ISSN 2385-1376
Testo massima
Ai fini della sufficienza della motivazione della sentenza, il giudice non può, quando esamina i fatti di prova, limitarsi ad enunciare il giudizio nel quale consiste la sua valutazione, perché questo è il solo contenuto assertivo della complessa dichiarazione motivazionale, ma deve impegnarsi anche nella descrizione del processo cognitivo attraverso il quale è passato dalla sua situazione d’iniziale ignoranza dei fatti alla situazione finale costituita dal giudizio, che rappresenta il necessario contenuto dimostrativo della dichiarazione stessa.
Questo il principio espresso dalla Corte di Cassazione, Sezione Quinta, Pres. Piccininni Rel- Cirillo, con la sentenza n. 24784, depositata in data 04.12.2015.
Nel caso in esame, un contribuente, nei cui confronti venivano accertate attività fiscalmente non dichiarate di fisioterapista e mediatore, impugnava i relativi atti impositivi (IVA) innanzi alla competente Commissione Tributaria Provinciale, la cui decisione, favorevole al ricorrente, veniva poi riformata in appello dalla Commissione Tributaria Regionale del Lazio. In particolare, quest’ultima rilevava che “la sentenza penale di proscioglimento dai reati fiscali ascritti al contribuente non possa avere efficacia determinante e vincolante nel processo tributario, essendo l’ottica del giudice penale e del giudice tributario completamente diverse“, accertando altresì l’adeguata motivazione degli atti impositivi e la piena validità delle cartelle esattoriali, emesse a seguito di accertamenti legittimi.

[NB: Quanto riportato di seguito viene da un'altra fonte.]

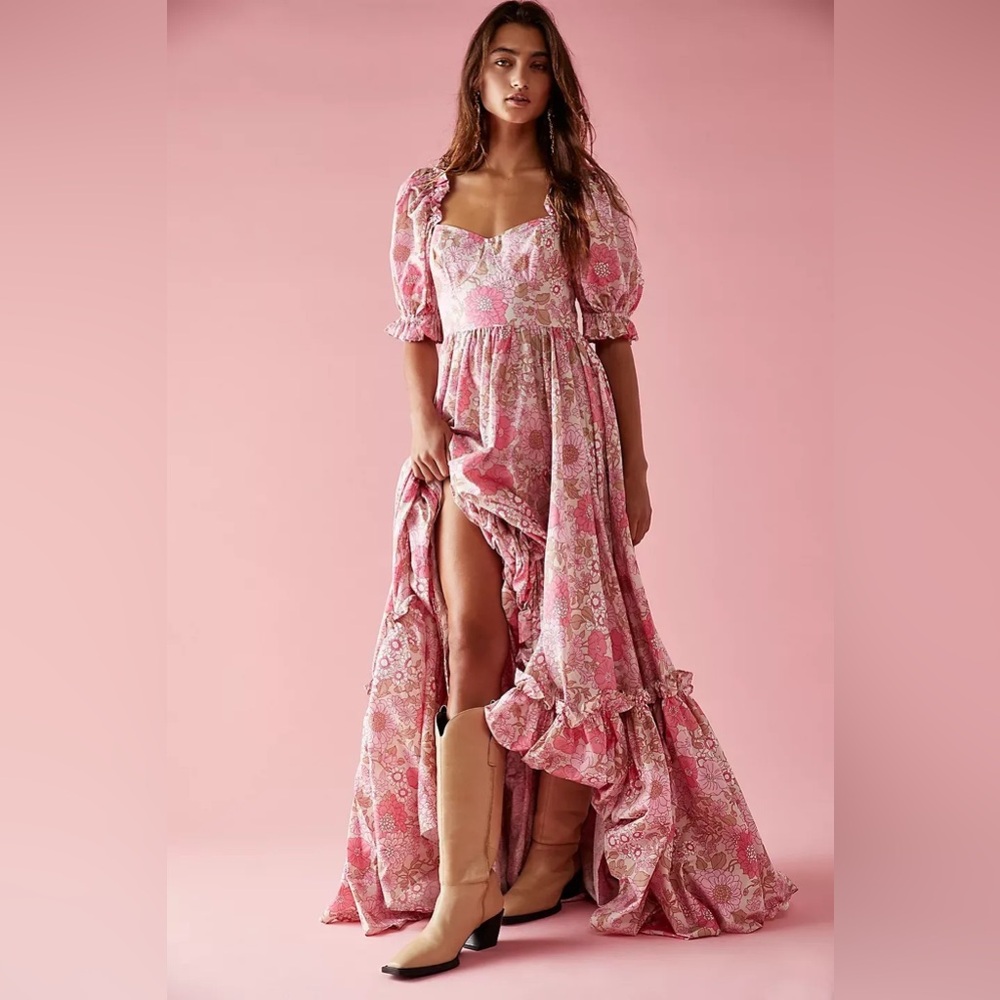 Selkie The Wallflower Ritz Dress Maxi Gown Pink‎ Girly Cute Prom Wedding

Avverso tale decisione, proponeva ricorso per cassazione il contribuente, assumendo che la CTR, accogliendo l’appello, “non avesse speso neppure una parola in merito alle ragioni che l’avrebbero indotta a disattendere le specifiche giustificazioni fornite dal contribuente in relazione ai singoli movimenti contestati“.
La Cassazione, nel motivare l’accoglimento del ricorso, ha preliminarmente rilevato la lacunosità della sentenza appellata, “perché si sofferma solo sulla ‘non rilevanza’ del proscioglimento penale del contribuente, mentre le difese di merito mirano, tra l’altro, a limitare significativamente l’ammontare degli assegni rimasti privi di giustificazione“.
Invero, dalla documentazione versata agli atti di causa, emergeva che le movimentazioni bancarie non giustificate dal contribuente, a fronte di un imponibile di oltre 436 milioni di vecchie lire, ammontavano a poco più di 26 milioni di vecchie lire. Sulla scorta di tale rilievo, il Collegio ha ritenuto che “il giudice d’appello, una volta negato che la sentenza penale di proscioglimento non spiega automatica efficacia dinanzi al giudice tributario, avrebbe dovuto procedere all’analitica ricostruzione delle movimentazioni bancarie, con la comparazione in dettaglio delle singole registrazioni di conto corrente contestate dal fisco e della documentazione giustificativa addotta a discarico dal contribuente e giungere, se del caso, alla riduzione dell’imponibile evaso per la corretta contabilizzazione dell’imposizione sul valore aggiunto e degli accessori consequenziali“.
Avendo la CTR omesso siffatte indagini, limitandosi ad affermare che “l’ufficio ha ripreso a tassazione i versamenti non giustificati (peraltro solo questi)“, la Cassazione ha ritenuto insufficiente la motivazione dell’impugnata sentenza, disponendo pertanto l’accoglimento del ricorso, la cassazione della sentenza ed il rinvio alla CTR del Lazio in diversa composizione.